So after some research I think I know how to replace the drive. Could someone maybe confirm. I would appreciate it.

I am looking at this drive as I can just go pick it up
WD Mainstream 1TB Internal Hard Drive For Laptops 8GB Cache SATA300 - Office Depo
Or
https://www.bestbuy.com/site/wd-blu...-ramp-load-technology/6220725.p?skuId=6220725

1tb is plenty.

seems like the steps are replace hard drive. Put back together. Plug TiVo box in and in theory it should do everything it needs to do to the hard drive to get the UI working


----------



## kpeters59

List of drives that don't boot under TE4 21.x on Bolt

Hard Drive Recommendations for a Bolt

-KP


----------



## tommage1

Player1138 said:


> So after some research I think I know how to replace the drive. Could someone maybe confirm. I would appreciate it.
> 
> I am looking at this drive as I can just go pick it up
> WD Mainstream 1TB Internal Hard Drive For Laptops 8GB Cache SATA300 - Office Depo
> Or
> https://www.bestbuy.com/site/wd-blu...-ramp-load-technology/6220725.p?skuId=6220725
> 
> 1tb is plenty.
> 
> seems like the steps are replace hard drive. Put back together. Plug TiVo box in and in theory it should do everything it needs to do to the hard drive to get the UI working


Pretty sure those are SMR drives. Some SMR work, some do not. CMR recommended. If 1TB is plenty for you and you want to go with Best Buy this 2.5 drive is CMR.

https://www.bestbuy.com/site/wd-red...-drive-oem-bare-drive/1765078.p?skuId=1765078

There are very few CURRENT model 2.5" CMR drives available of any capacity over 500GB. Could end up being called "Red" or "Red Plus" due to WD changing it's naming policy for the Red line but this model number (WD10JFCX) IS CMR either way.


----------



## aaronwt

My 2TB refurb Toshiba MQ03ABB200 supposedly has a three year warranty from Toshiba. It was sealed and looked like new and had a 2019 manufacture date on it. I'm guessing it came directly from Toshiba? The SMART values were like every new drive I've purchased.

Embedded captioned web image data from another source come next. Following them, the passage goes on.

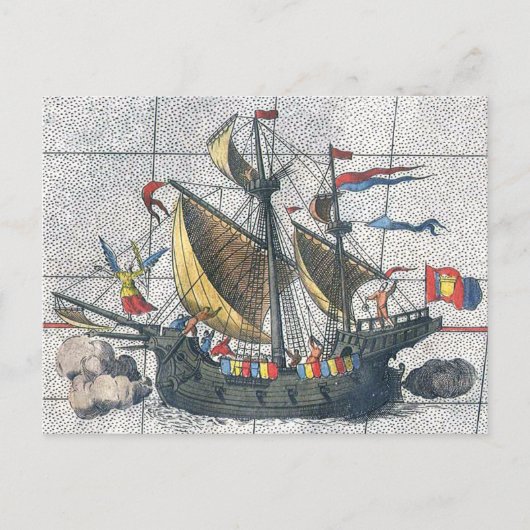 Detail Ortelius Map Magellan Ship Victoria Briefkaart (Voorkant)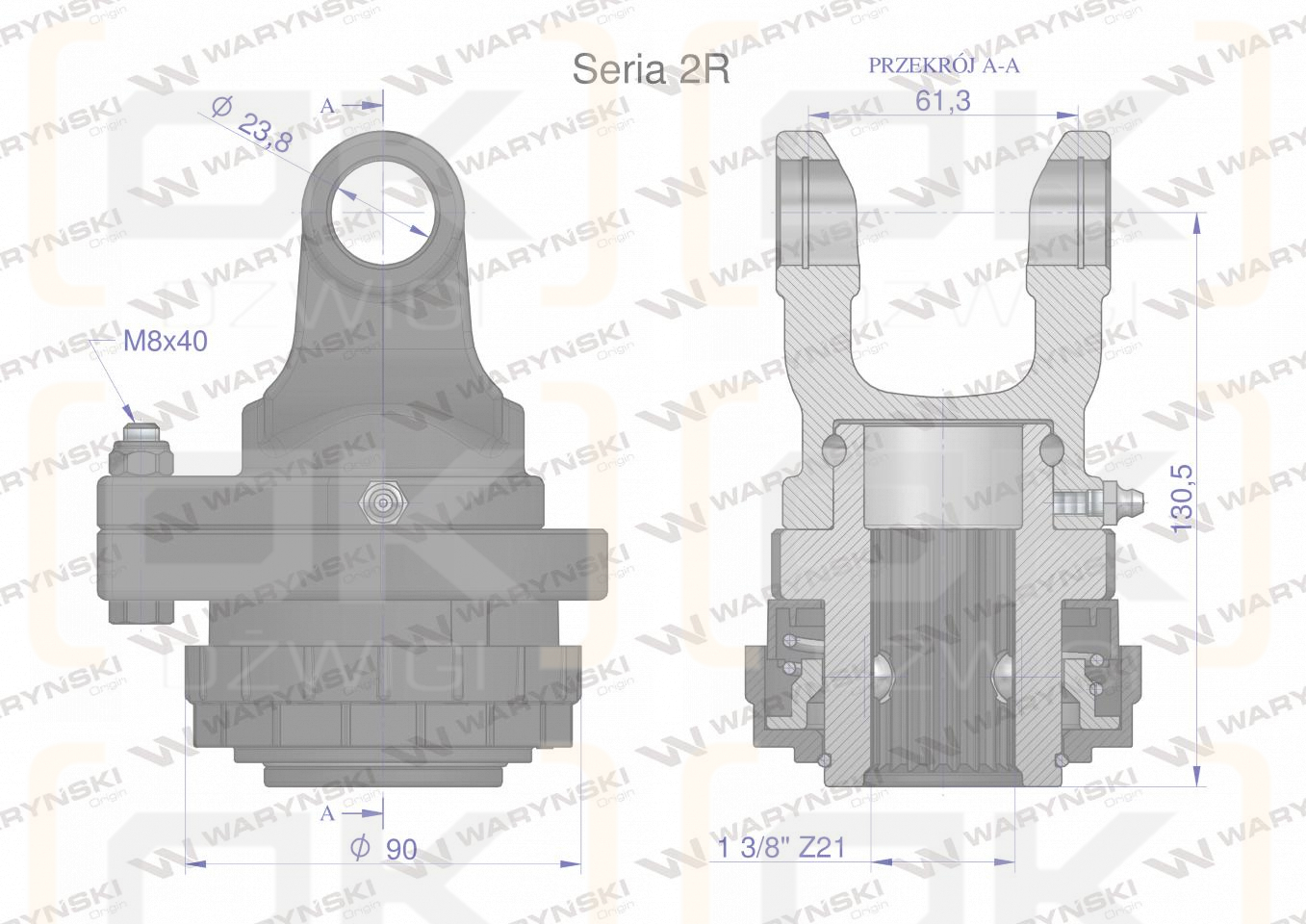 Sprzęgło na kołek wału Seria 2R 900Nm - 24x61 - 1 3/8 Z21 WARYŃSKI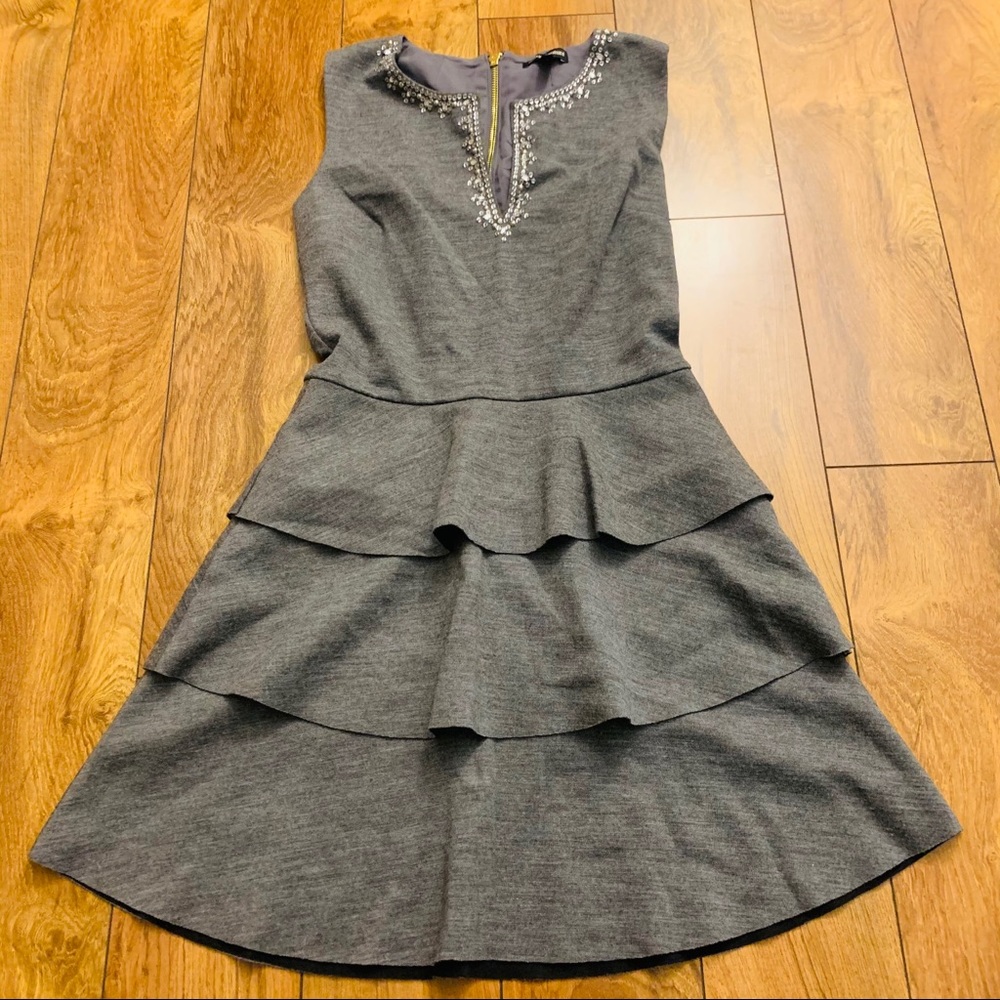 GRAY JUICY COUTURE MINI DRESS W/ RHINESTONES SZ S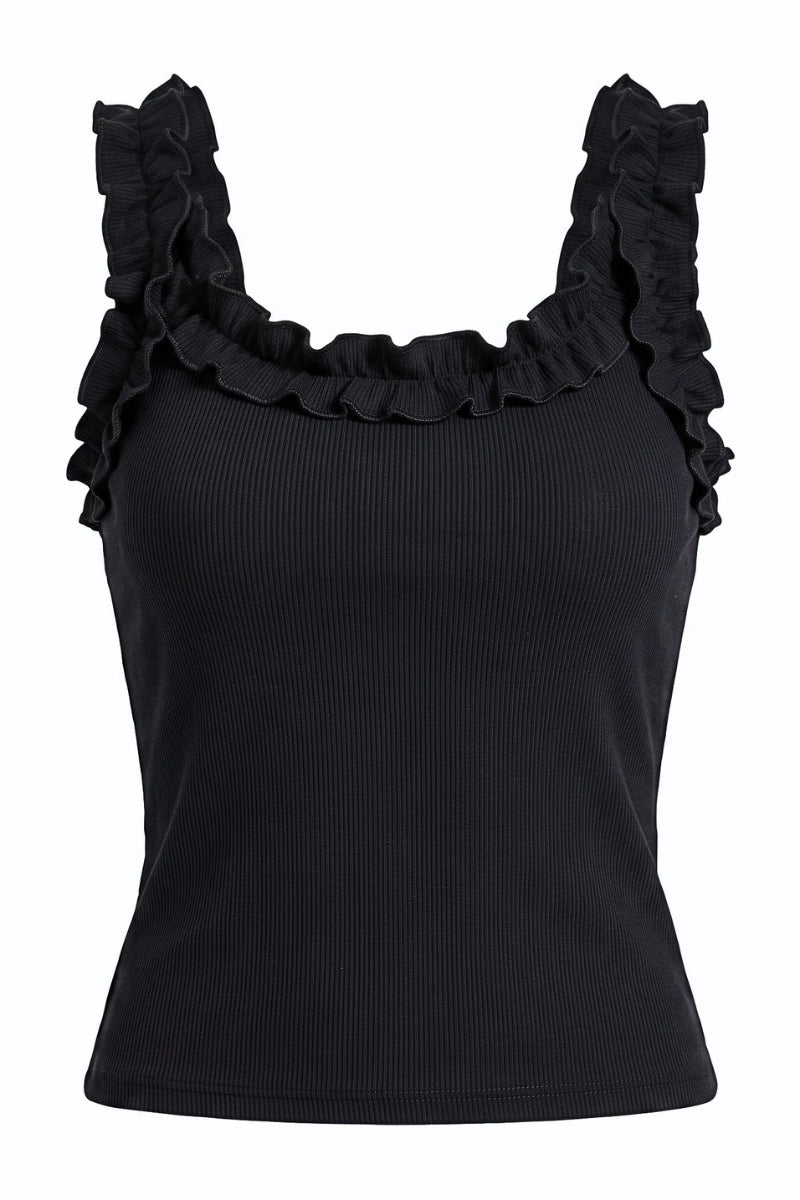 A black ribbed tank top with ruffled trim along the scoop neckline and wide shoulder straps, shown against a plain white background.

I got it from Amazon and GoHardDrive for $58.50. I guess time will tell how well it does in my Bolt. I used MFSTools to copy my old drive to the new one on Saturday. That Bolt gets a lot of use and is recording around twenty hours a day, 365 days a year.

https://www.amazon.com/gp/product/B07J27MBWD/ref=ppx_yo_dt_b_asin_title_o07_s00?ie=UTF8&psc=1


----------



## tommage1

aaronwt said:


> My 2TB refurb Toshiba MQ03ABB200 supposedly has a three year warranty from Toshiba. It was sealed and looked like new and had a 2019 manufacture date on it. I'm guessing it came directly from Toshiba? The SMART values were like every new drive I've purchased.
> 
> I got it from Amazon and GoHardDrive for $58.50. I guess time will tell how well it does in my Bolt. I used MFSTools to copy my old drive to the new one on Saturday. That Bolt gets a lot of use and is recording around twenty hours a day, 365 days a year.
> 
> https://www.amazon.com/gp/product/B07J27MBWD/ref=ppx_yo_dt_b_asin_title_o07_s00?ie=UTF8&psc=1


So they are back in stock again. Hit and miss with that. At this price if this was my drive of choice I'd grab 2-3 at this price. Before gone completely/forever, it is a discontinued drive.

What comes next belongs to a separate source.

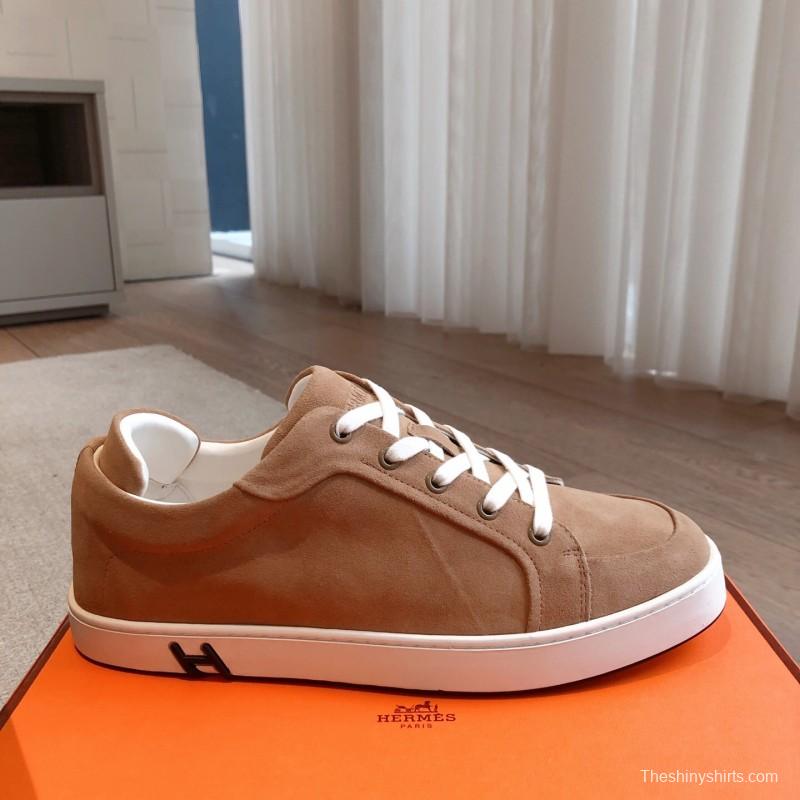 2025 Unisex H Beige White Suede Sneakers AS00380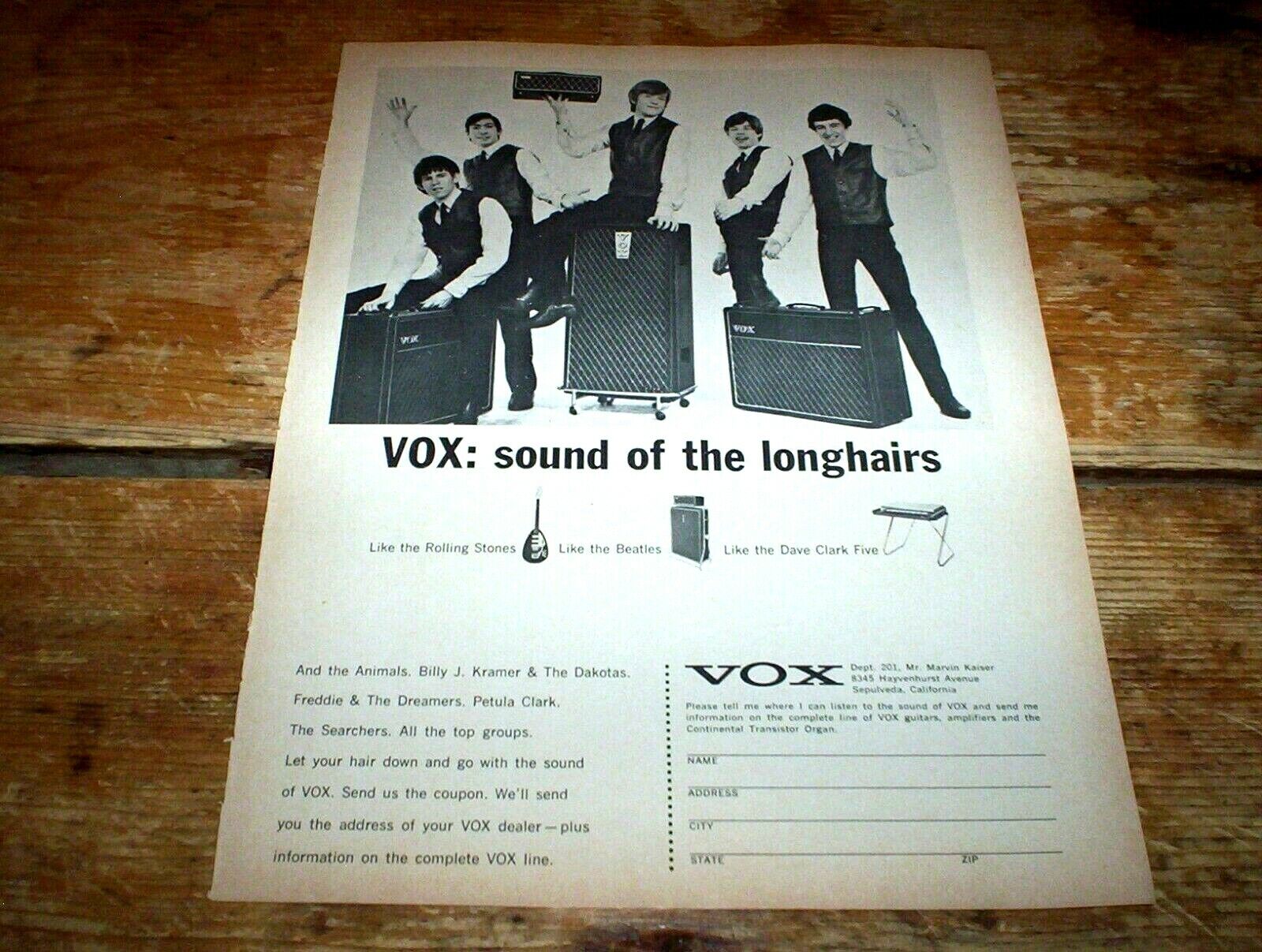 THE ROLLING STONES w/ BRIAN JONES ( VOX AMPLIFIERS ) Vintage 1965 PROMO Ad NM-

As for original poster, they wanted to buy local (Best Buy) to keep it simple. And mentioned 1TB was plenty. Which is why I recommended the WD10JFCX.


----------



## aaronwt

Yes, the WD10JFCX was going to be my choice if I went with a 1TB. But the 1TB I had in my Bolt, from a launch PS4 Pro, was not large enough. Once football started I was getting shows deleted too quickly. So 2TB should be a sweet spot for me. My other option would have been an external drive. But I figured that would be a last resort for me. If I couldn't find any CMR 2.5" drives.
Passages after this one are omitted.